Comprenez alors que la jaquette de cette édition deluxe porte désormais l’image de ces triple A, dont la créativité passera toujours après la peur de déplaire. Ne déplaire à personne, même pas aux racistes. L’adage marketing, enfin poussé jusqu’au bout.

News 2 : CupHead journalisme
Cuphead. Je vous laisse le choix de l’épithète. Cuphead, insérez le qualificatif de votre choix (boss rush / plateformer / run&gun) est un jeu sorti le 29 septembre dernier sur PC et Xbox One et dont la courbe d’apprentissage semble être immédiatement bloqué à sa valeur maximale. Défiant, dès le premier monde, bien des théories de game design. Ce qui fait de Cuphead un jeu peu accessible tout comme le sont sans doute, pour un gamin d’aujourd’hui, les dessins animés des années 30 dont le jeu reprend l’esthétique, mais un jeu gratifiant pour celui qui accepte de s’y investir.

Quelques semaines avant la sortie du titre, le site Venturebeat publia une preview de Cuphead. Celle-ci est rédigée par Dean Takahashi et illustrée par une vidéo de 26 longues minutes durant lesquelles on voit le journaliste lutter pour finir le tutoriel.
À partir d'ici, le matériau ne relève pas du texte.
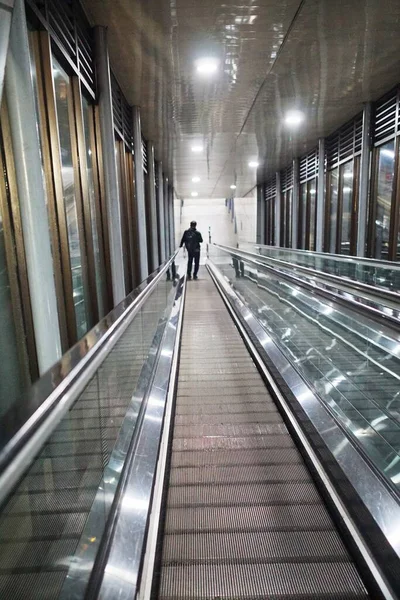 Bandung Endonezya - 21 Ekim 2025 Modern yürüyen merdiven pisti bir kamu binası içinde, temiz bir tasarım ve konfor için parlak ışıklandırma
C’est Ian Miles Cheong, journaliste au Daily Caller, qui se lache le 1er sur Twitter, je cite “ Comment un journaliste professionnel, rémunéré, peut être si mauvais en jeu vidéo ? Je ne vois pas comment il est possible de se fier aux recommandations d’un journaliste quand ils n’ont même pas les réflexes basiques pour jouer.”
Un débat qui pourrait s’avérer intéressant s’il n’avait d’autre but que d’alimenter les rageux du gamergate. S’en suit alors une tempête de merde sur Takahashi, a croire qu’à part lui, on serait face à une armée de type tous prêt à speedrunner le jeu avant même sa sortie.
Notez que depuis la sortie du titre justement, on les entend beaucoup moins.

On peut toutefois interroger le choix éditorial douteux du site de mettre en avant les exploits d’un journaliste économique spécialiste de l’industrie video ludique plutôt que celui d’un journaliste rodé aux tests et preview. Le site agit alors comme s’il pensait qu’il n’existait pas d’expertise quand il s’agit d’évaluer un jeu. Une erreur qui conduit alors à ridiculiser inutilement le traitement de cette preview. Car dans un monde où tout le monde peut publier des gameplay sur la toile, la survie des sites professionnels réside bien dans leur posture d’expert. Venturebeat s’en souviendra désormais.